Effect of secondary structure on the rate of deamidation of several growth hormone releasing factor analogs

Abstract

The objective of this study was to determine whether the rates of deamidation of Asn⁸ in selected growth hormone releasing factor (GRF) analogs were related to the peptide's secondary structures in solution. Bovine or human [Leu²⁷]GRF(1–32)NH₂ (both having Gly at position 15), [Ala¹⁵ Leu²⁷]bGRF(1–32)NH₂ and [Pro¹⁵ Leu²⁷]bGRF(1–32)NH₂ were used as model peptides.
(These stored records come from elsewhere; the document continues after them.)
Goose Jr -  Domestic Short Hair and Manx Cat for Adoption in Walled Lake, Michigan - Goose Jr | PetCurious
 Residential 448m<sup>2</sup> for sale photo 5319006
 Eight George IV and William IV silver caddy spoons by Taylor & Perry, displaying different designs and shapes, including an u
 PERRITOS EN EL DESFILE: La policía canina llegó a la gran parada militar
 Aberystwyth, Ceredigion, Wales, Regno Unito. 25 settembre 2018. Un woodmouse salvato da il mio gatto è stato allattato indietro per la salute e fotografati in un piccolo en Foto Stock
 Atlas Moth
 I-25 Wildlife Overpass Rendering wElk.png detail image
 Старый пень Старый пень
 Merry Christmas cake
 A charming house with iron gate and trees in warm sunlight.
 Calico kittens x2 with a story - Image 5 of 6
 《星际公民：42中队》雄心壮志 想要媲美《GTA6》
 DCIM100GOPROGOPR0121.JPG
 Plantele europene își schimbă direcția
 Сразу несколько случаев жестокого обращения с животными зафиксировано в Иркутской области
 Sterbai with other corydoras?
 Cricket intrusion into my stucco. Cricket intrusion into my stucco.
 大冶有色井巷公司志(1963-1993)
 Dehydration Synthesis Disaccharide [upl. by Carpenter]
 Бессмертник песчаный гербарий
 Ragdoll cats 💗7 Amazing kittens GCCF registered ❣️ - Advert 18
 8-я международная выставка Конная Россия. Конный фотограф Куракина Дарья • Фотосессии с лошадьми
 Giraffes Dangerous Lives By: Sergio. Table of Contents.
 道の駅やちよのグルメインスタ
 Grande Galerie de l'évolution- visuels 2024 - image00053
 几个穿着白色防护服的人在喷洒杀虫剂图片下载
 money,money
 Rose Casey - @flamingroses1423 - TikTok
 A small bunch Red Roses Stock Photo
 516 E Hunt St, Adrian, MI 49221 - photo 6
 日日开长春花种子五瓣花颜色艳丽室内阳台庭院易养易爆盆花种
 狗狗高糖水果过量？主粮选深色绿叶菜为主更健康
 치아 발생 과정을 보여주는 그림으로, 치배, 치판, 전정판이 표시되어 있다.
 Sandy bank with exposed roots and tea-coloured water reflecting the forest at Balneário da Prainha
The peptide helical content (assessed by CD) increased with the increasing methanol concentration and was as follows: 7, 12 and 18% in 0% MeOH; 24, 48 and 52% in 40% MeOH; and 41, 77 and 81% in 80% MeOH for Pro¹⁵ Leu²⁷ bGRF(1–32)NH₂, [Leu²⁷]hGRF(1–32)NH₂, and Ala¹⁵ Leu²⁷ bGRF(1–32)NH₂, respectively. 2D NMR studies done in the presence of 40% CD₃OH indicated more helical structure for the Ala¹⁵ analog as compared to [Len²⁷]hGRF(1–32)NH₂. In both these peptides Asn⁸ was included in the helical region. In contrast, the lack of conformational information for the Pro¹⁵ analog indicated little helical structure around Asn⁸. The peptides’ deamidation rates decreased and their half-lives increased with increasing MeOH concentrations. At 40% MeOH, the least helical Pro¹⁵ bGRF analog (t_1/2= 10.78 h) deamidated 1.5 and 2 times faster than its Gly¹⁵ (t_1/2= 15.74 h) and Ala¹⁵ (t_1/2= 21.53 h) counterparts, respectively. This study indicates that helical environment around Asn⁸ in GRF makes this residue less prone to deamidation.